Antimony triselenide is the chemical compound with the formula Sb2Se3. It is a semiconductor material often studied for its potential applications in photovoltaics, thermoelectrics, and optoelectronics. The material exists as the sulfosalt mineral antimonselite, which crystallizes in an orthorhombic space group. In this compound, antimony has a formal oxidation state +3 and selenium −2. The bonding in this compound has covalent character as evidenced by the black color and semiconducting properties of this and related materials.
Antimony triselenide has a layered structure, which contributes to its unique electronic properties. It has a narrow bandgap, making it suitable for absorbing light, which is advantageous for solar cell applications. It can be synthesized through various methods, including chemical vapor deposition and solvothermal processes.
Properties
It is usually found as a reddish-brown or black solid. It is sparingly soluble in water but soluble in organic solvents. It exhibits semiconducting properties, making it useful in electronic and photovoltaic applications. It has a direct bandgap, which is important for its use in photodetectors and solar cells.

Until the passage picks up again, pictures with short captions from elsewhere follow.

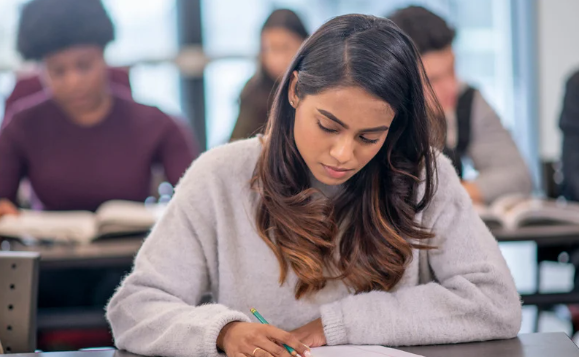 Alternante en situation de handicap invisible en master 2, en train de travailler dans une classe
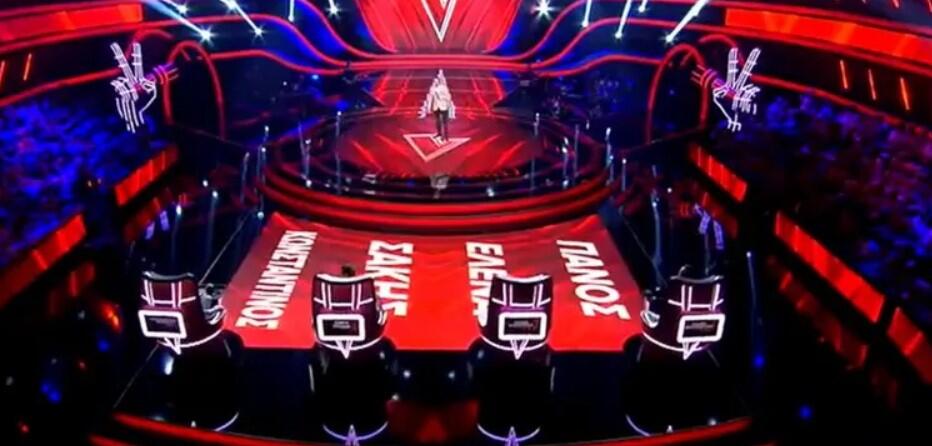 Πανοραμική άποψη της σκηνής του The Voice Greece με τις καρέκλες των κριτών και διαγωνιζόμενο στο κέντρο.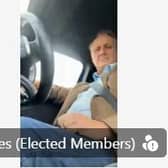 Alan Graves pictured driving his car while on a Derbyshire County Council meeting. Image from Derbyshire County Council.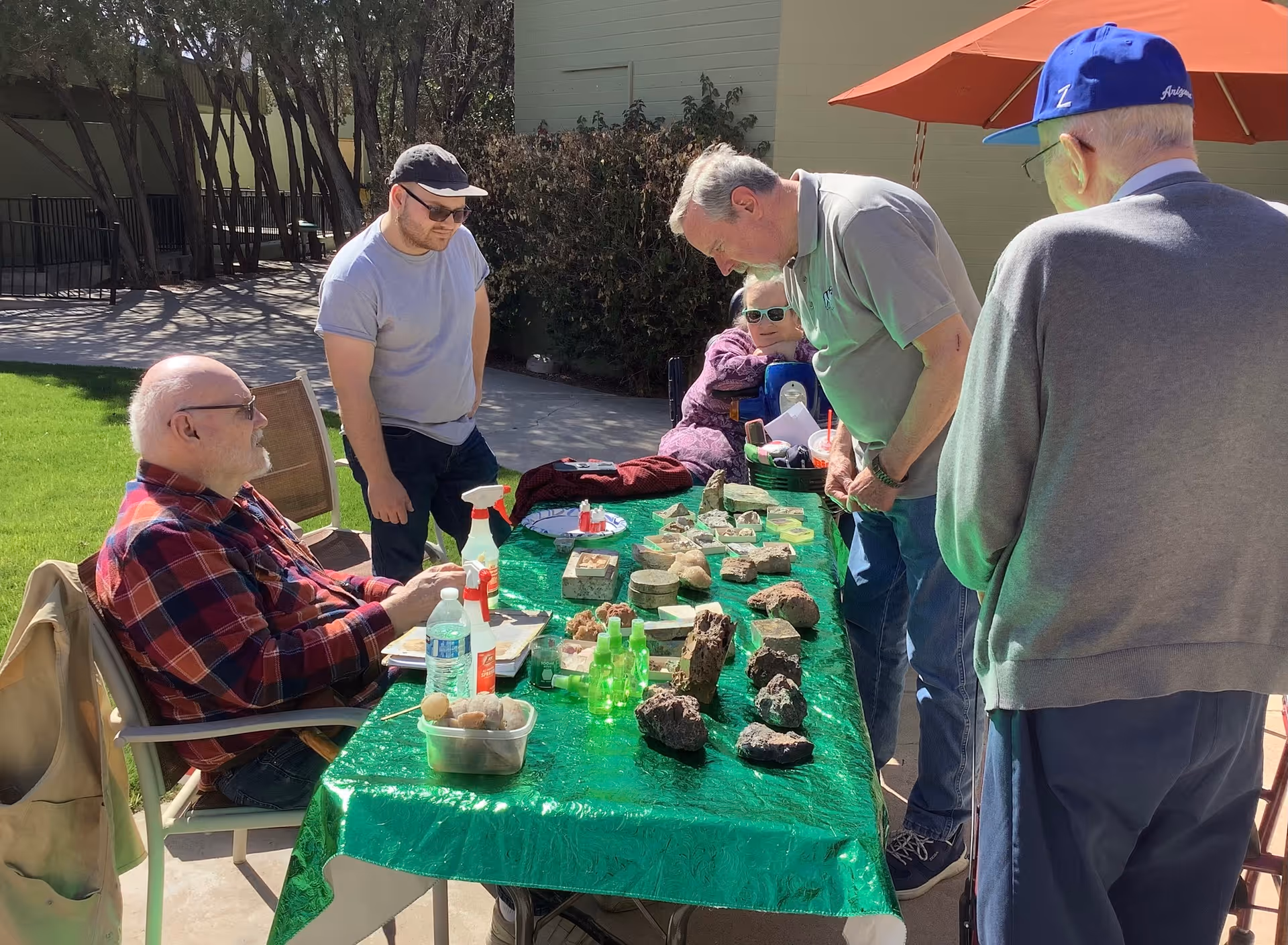 A group of five people gathered around a table covered with a green tablecloth outdoors. The table displays various rocks and minerals. One man in a red plaid shirt is seated, while others stand around the table, engaging and observing the items. The setting is sunny with trees and a building in the background.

- Chemical formula: Sb2Se3
- Molar mass: 480.433 g·mol−1
- Appearance: black crystals
- Density: 5.81 g/cm3, solid
- Melting point: 611 °C (1,132 °F; 884 K)
Occurrences
- Natural Occurrence: Antimony triselenide can be found in nature as a mineral, although it is relatively rare compared to other antimony or selenium minerals.
- Synthetic Production: It can be synthesized through various chemical methods, including the reaction of antimony and selenium at high temperatures.
Applications
Sb2Se3 is now being actively explored for application thin-film solar cells. A record light-to-electricity conversion efficiency of 9.2% has been reported. Besides solar cells, it is explored in photodetectors and as a material in thermoelectric devices due to its favorable thermal and electrical conductivity properties.
- Photovoltaics: Used in thin-film solar cells due to its favorable electronic properties.
- Optoelectronic Devices: Employed in photodetectors and infrared sensors.
- Thermoelectric Materials: Investigated for use in thermoelectric applications due to its unique thermal and electrical properties.